Prompt:
Your task is to transcribe all of the records exactly and leave out the pictures.

Task input:

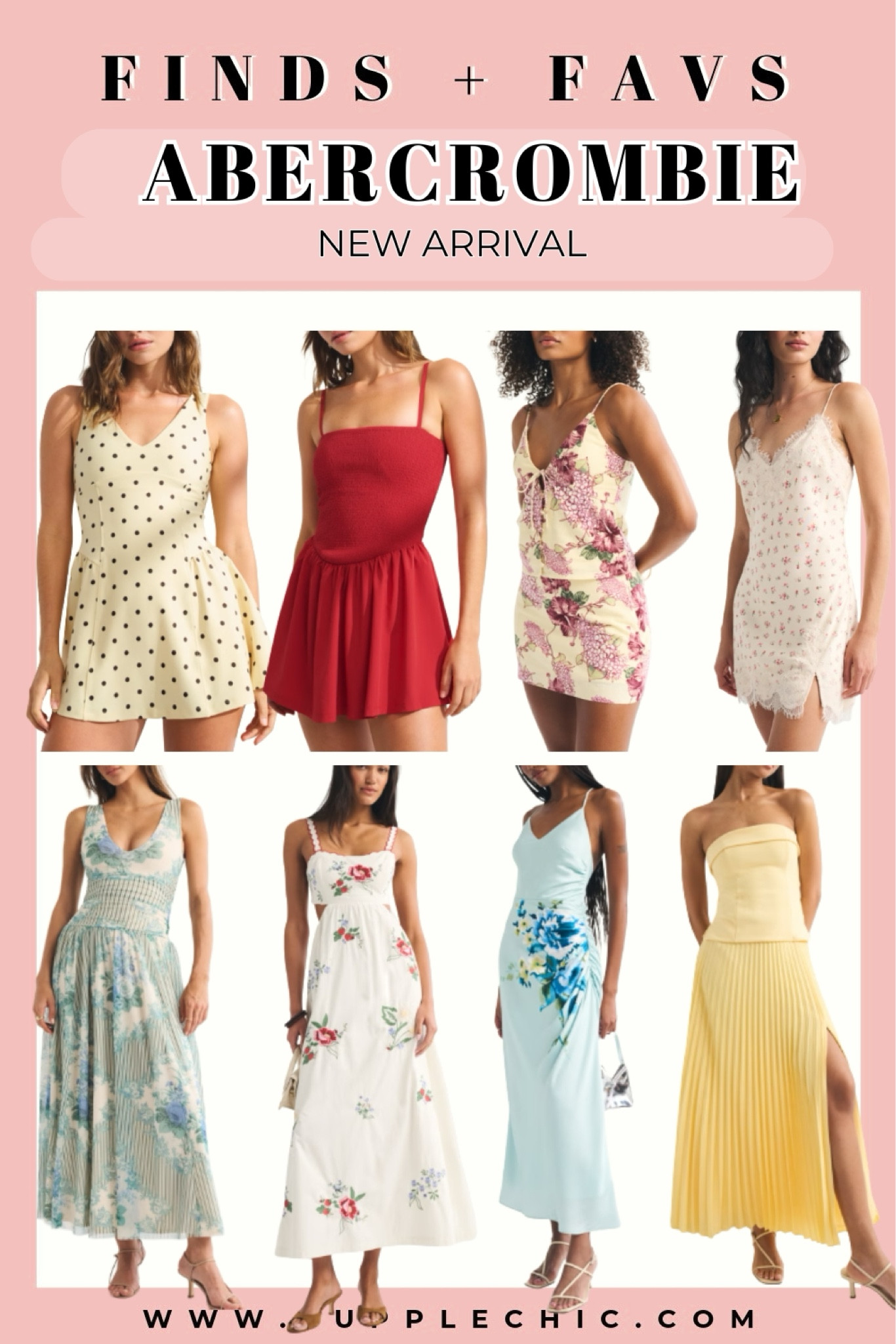 Abercrombie understood the assignment with these new arrivals. If you’ve been searching for summer dresses, Abercrombie finds, floral dresses, vacation outfits, feminine outfit ideas, romantic summer style, or wedding guest dress inspiration… this collection is SO good. #AbercrombieStyle #SummerDresses #VacationOutfits #FeminineStyle #RomanticStyle #BrunchOutfit #WeddingGuestDress #LTKStyle #AbercrombieFinds #SummerFashion

#LTKootd #LTKSeasonal #LTKMidsize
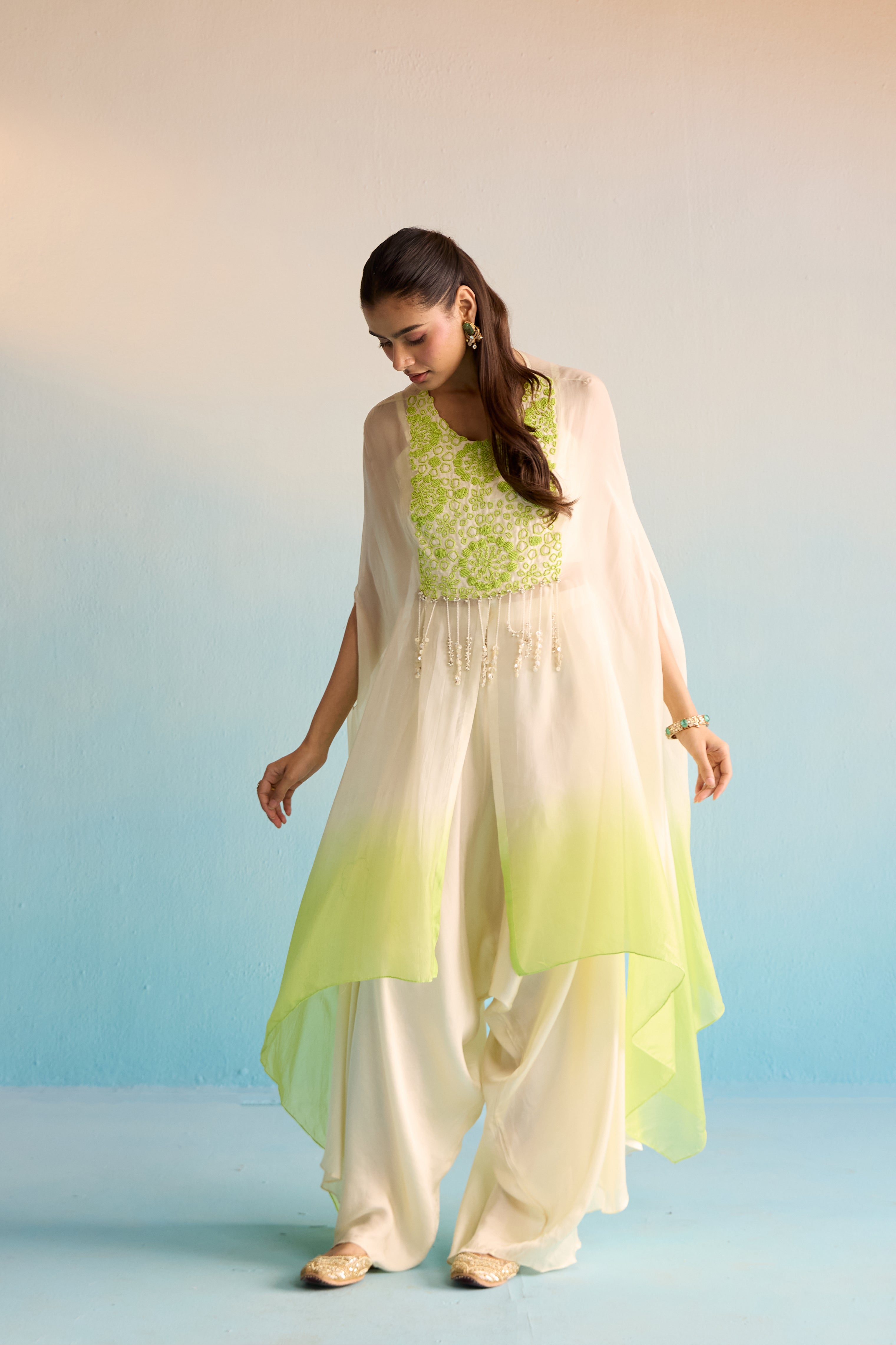 Isleen Kaftan Set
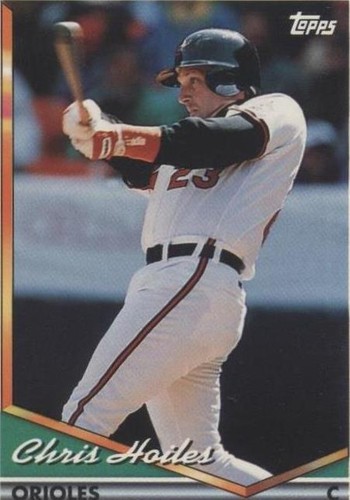 1994 Topps - Chris Hoiles #295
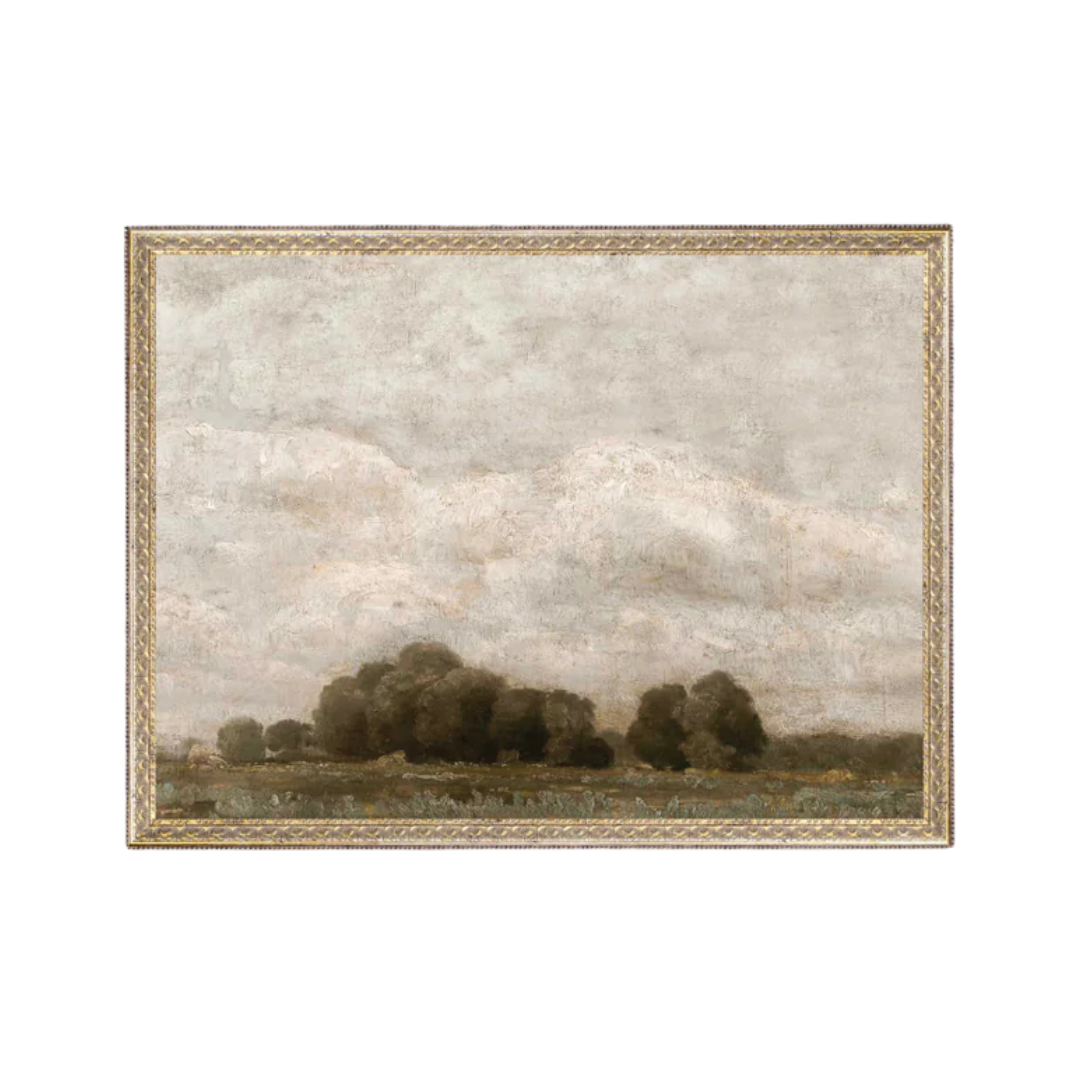 Tree and Cloud Landscape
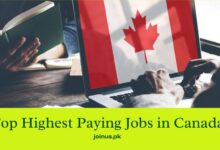 Photo of Top Highest Paying Jobs in Canada 2025 – Apply Now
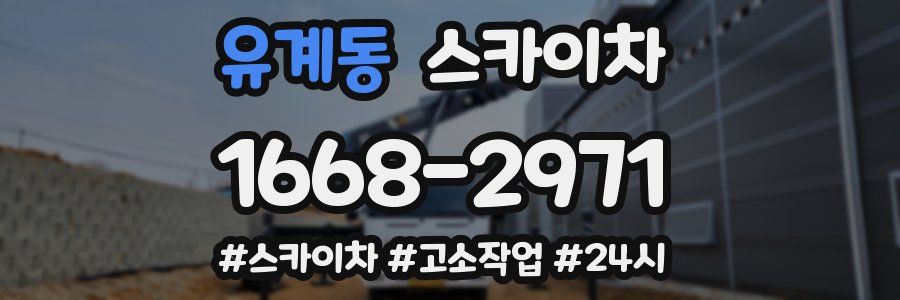 유계동 스카이차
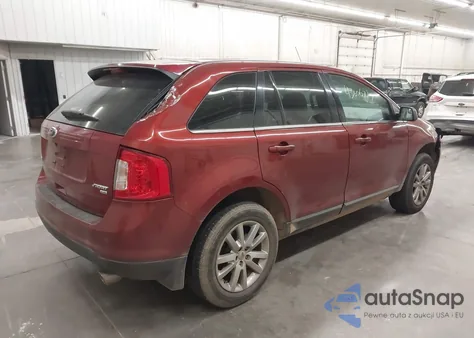 2014 Ford Edge Limited z USA, uszkodzony, nr VIN 2FMDK4KC4EBA38777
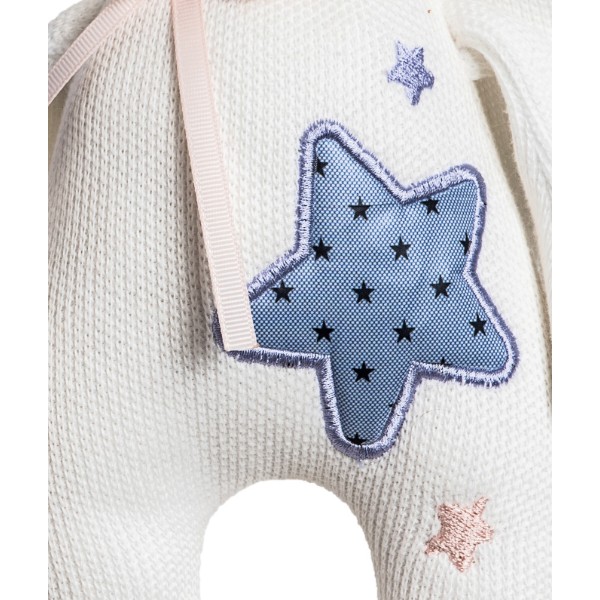 Фото - Мягкая игрушка животное Tigres Зайчик ''Star'' (ЗА-0061)
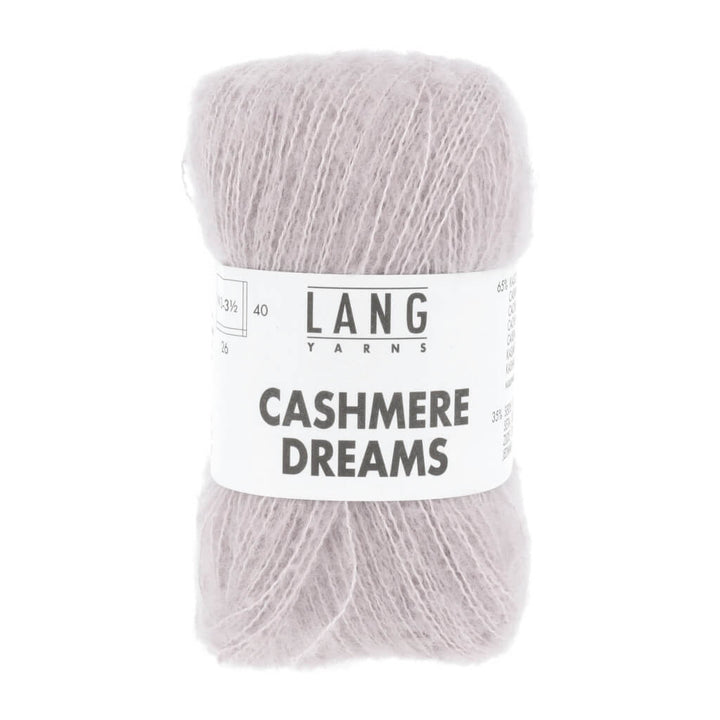 Lang Yarns Cashmere Dreams, Farbe Rosa – Kaschmir und Seide bei Lieblingsgarn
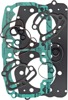 Vertex Top End Gasket Kit Black for PWC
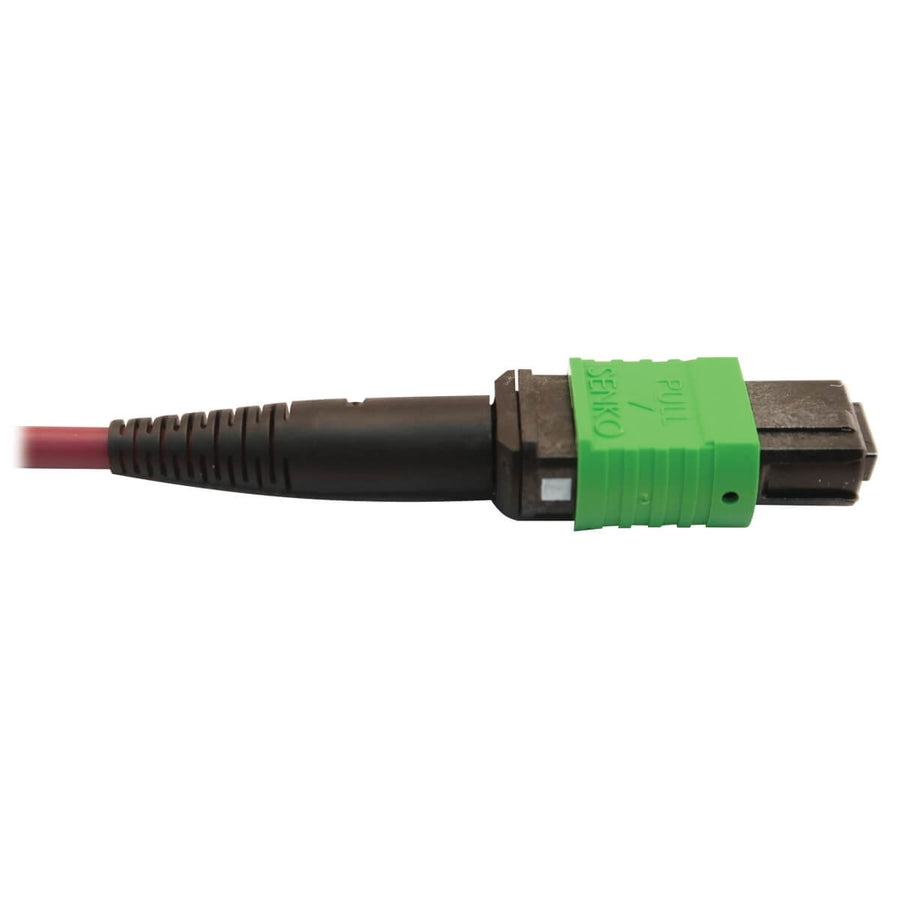 Tripp Lite by Eaton N846D-03M-16DMG 400G Multimode 50/125 OM4 Fiber Optic Cable, Magenta, 3 m N846D-03M-16DMG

Exercise output:
 Abercrombie understood the assignment with these new arrivals. If you’ve been searching for summer dresses, Abercrombie finds, floral dresses, vacation outfits, feminine outfit ideas, romantic summer style, or wedding guest dress inspiration… this collection is SO good. #AbercrombieStyle #SummerDresses #VacationOutfits #FeminineStyle #RomanticStyle #BrunchOutfit #WeddingGuestDress #LTKStyle #AbercrombieFinds #SummerFashion

#LTKootd #LTKSeasonal #LTKMidsize
 Isleen Kaftan Set
 1994 Topps - Chris Hoiles #295
 Tree and Cloud Landscape
 Photo of Top Highest Paying Jobs in Canada 2025 – Apply Now
 유계동 스카이차
 2014 Ford Edge Limited z USA, uszkodzony, nr VIN 2FMDK4KC4EBA38777
 Фото - Мягкая игрушка животное Tigres Зайчик ''Star'' (ЗА-0061)
 Lang Yarns Cashmere Dreams, Farbe Rosa – Kaschmir und Seide bei Lieblingsgarn
 Vertex Top End Gasket Kit Black for PWC
 Tripp Lite by Eaton N846D-03M-16DMG 400G Multimode 50/125 OM4 Fiber Optic Cable, Magenta, 3 m N846D-03M-16DMG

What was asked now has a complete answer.